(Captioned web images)
- - - - -
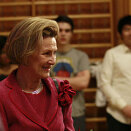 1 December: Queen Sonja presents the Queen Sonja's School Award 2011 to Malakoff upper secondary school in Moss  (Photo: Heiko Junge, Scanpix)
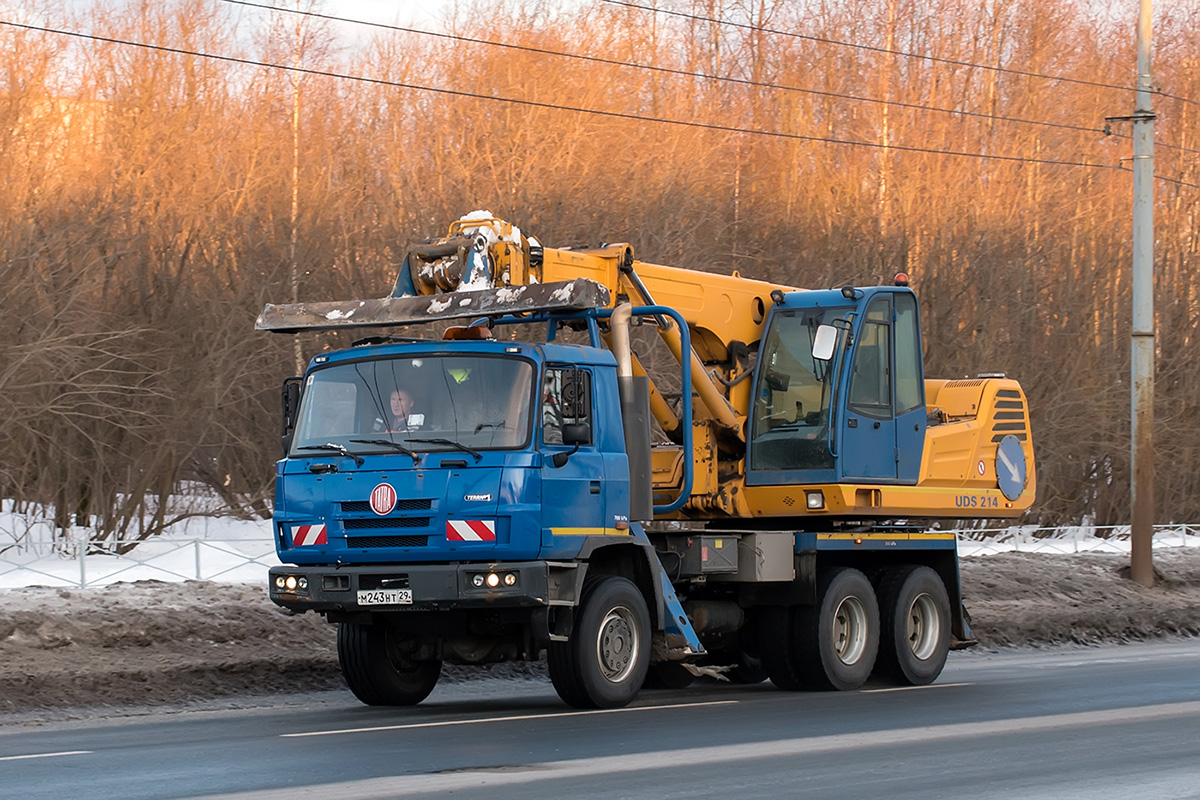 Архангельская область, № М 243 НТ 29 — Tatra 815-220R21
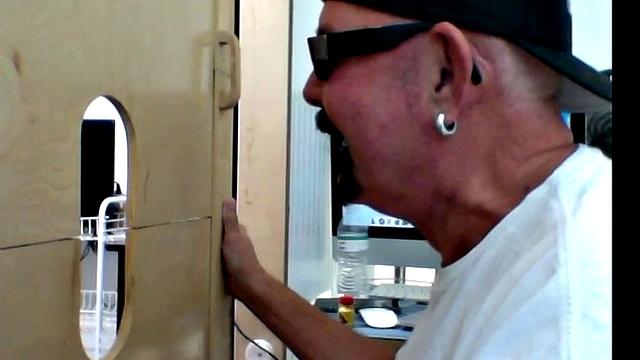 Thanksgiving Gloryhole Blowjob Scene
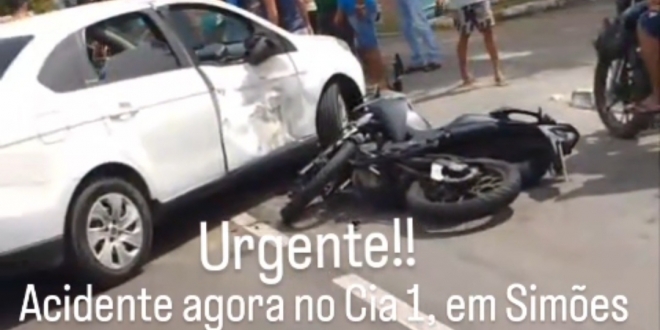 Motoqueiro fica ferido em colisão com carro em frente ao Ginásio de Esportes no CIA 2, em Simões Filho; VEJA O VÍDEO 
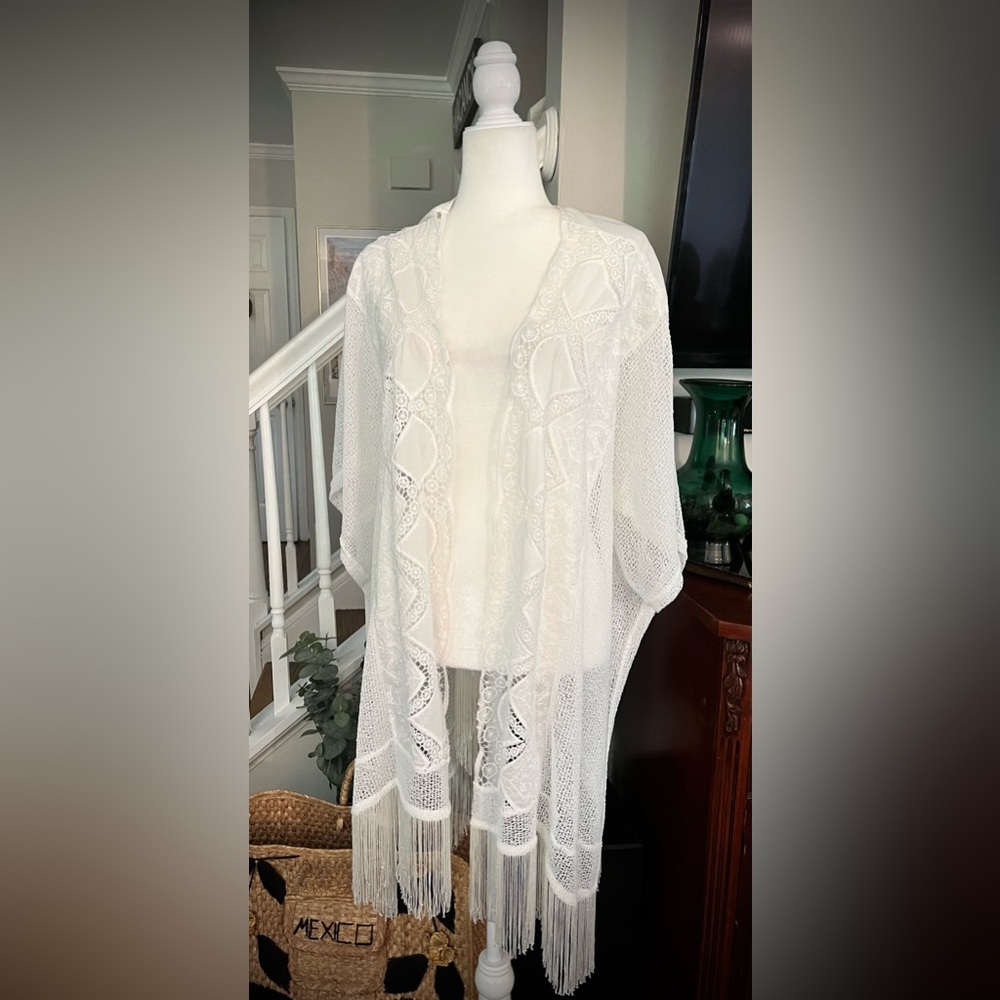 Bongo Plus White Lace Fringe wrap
- - - - -
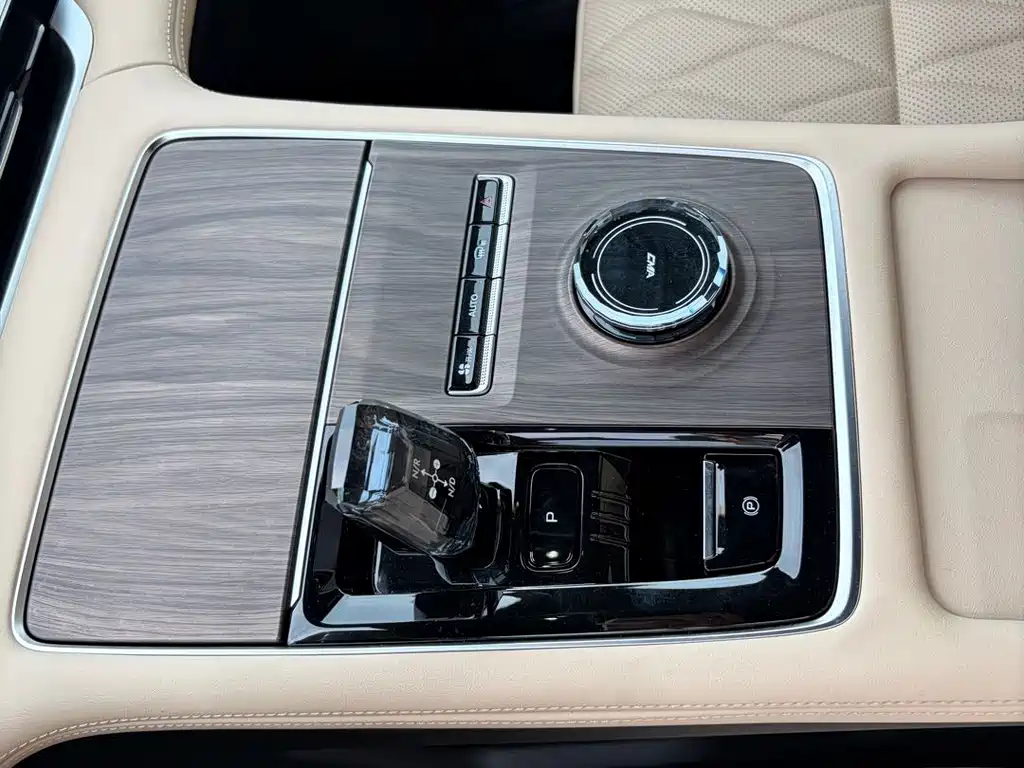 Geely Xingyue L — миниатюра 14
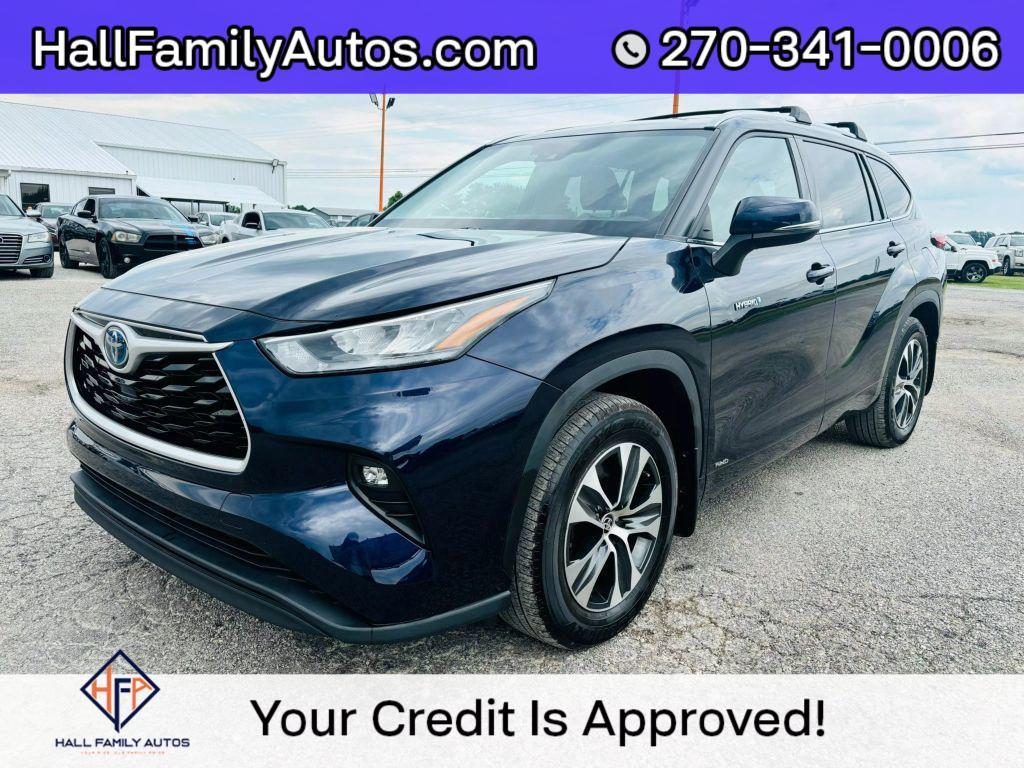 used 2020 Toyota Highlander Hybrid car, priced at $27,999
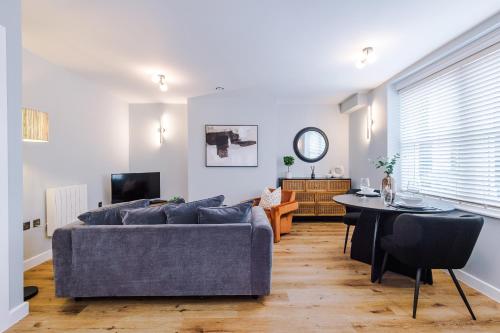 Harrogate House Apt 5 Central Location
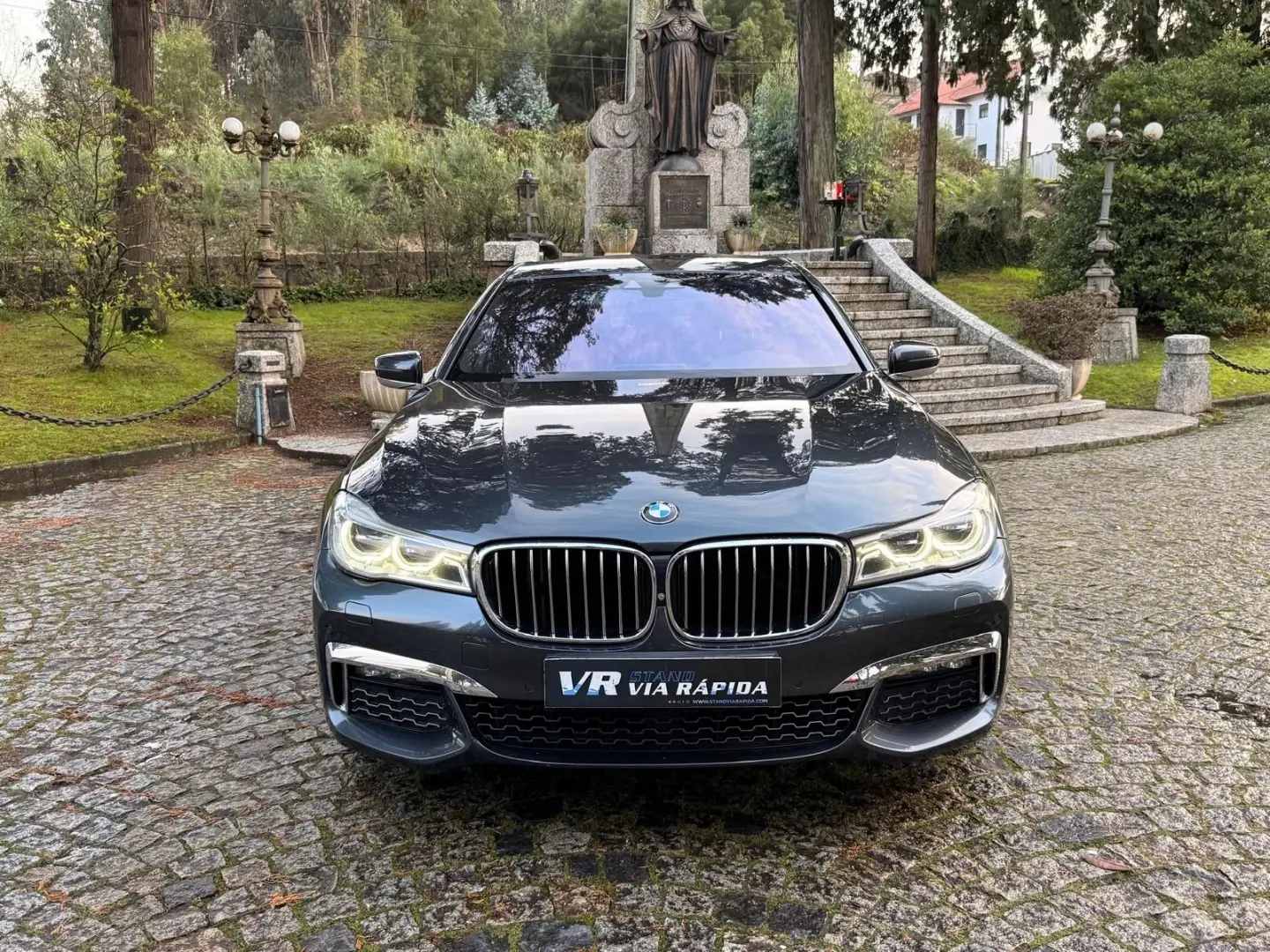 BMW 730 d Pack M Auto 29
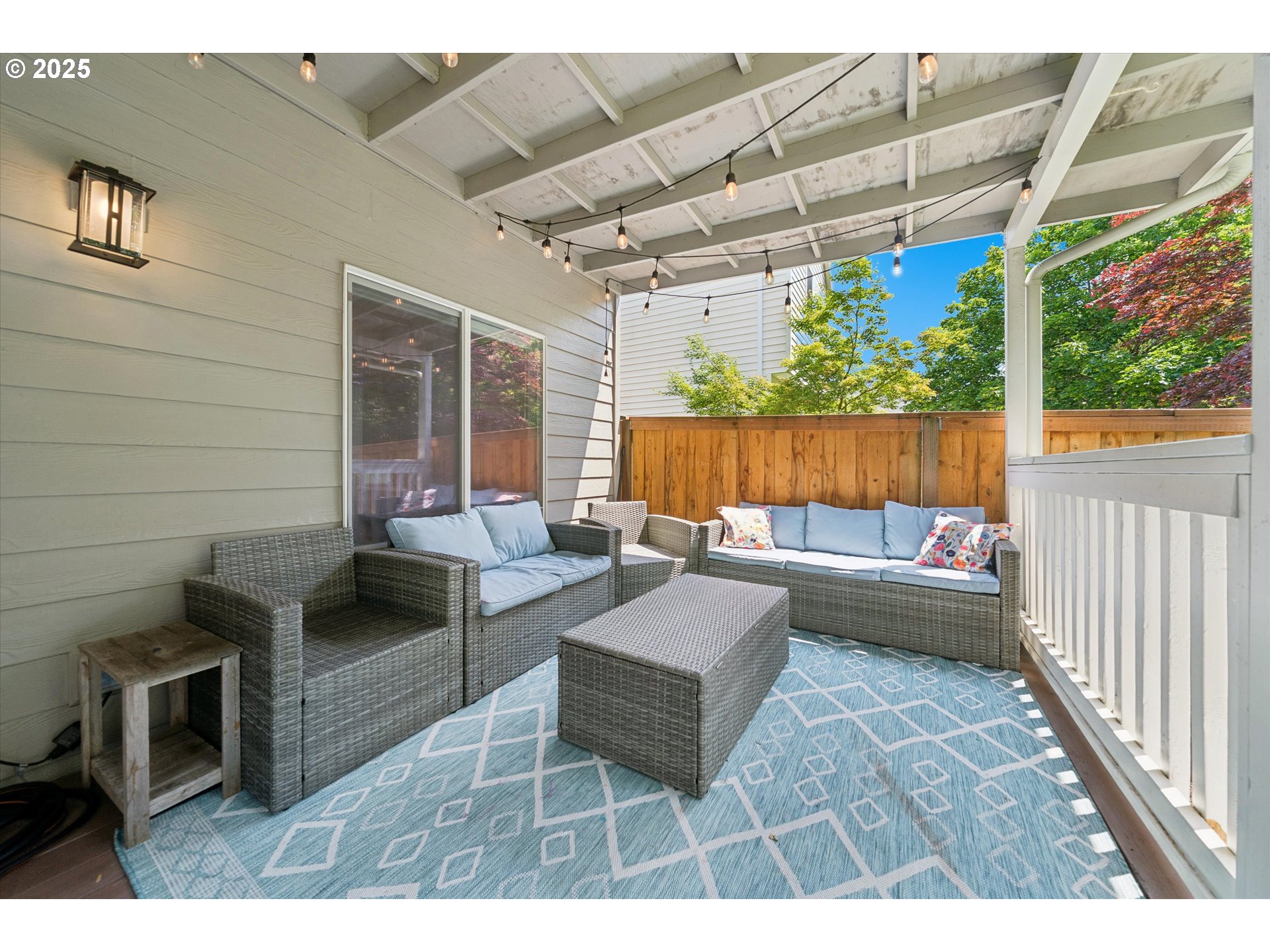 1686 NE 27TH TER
- - - - -
In the data above, find the line containing "Thanksgiving Gloryhole Blowjob Scene" and the line containing "Bongo Plus White Lace Fringe wrap". Copy exactly the stretch from the first through the second, both included, leaving out any picture.

§ EXERCISE SOLUTION
 Thanksgiving Gloryhole Blowjob Scene
 Motoqueiro fica ferido em colisão com carro em frente ao Ginásio de Esportes no CIA 2, em Simões Filho; VEJA O VÍDEO 
 Bongo Plus White Lace Fringe wrap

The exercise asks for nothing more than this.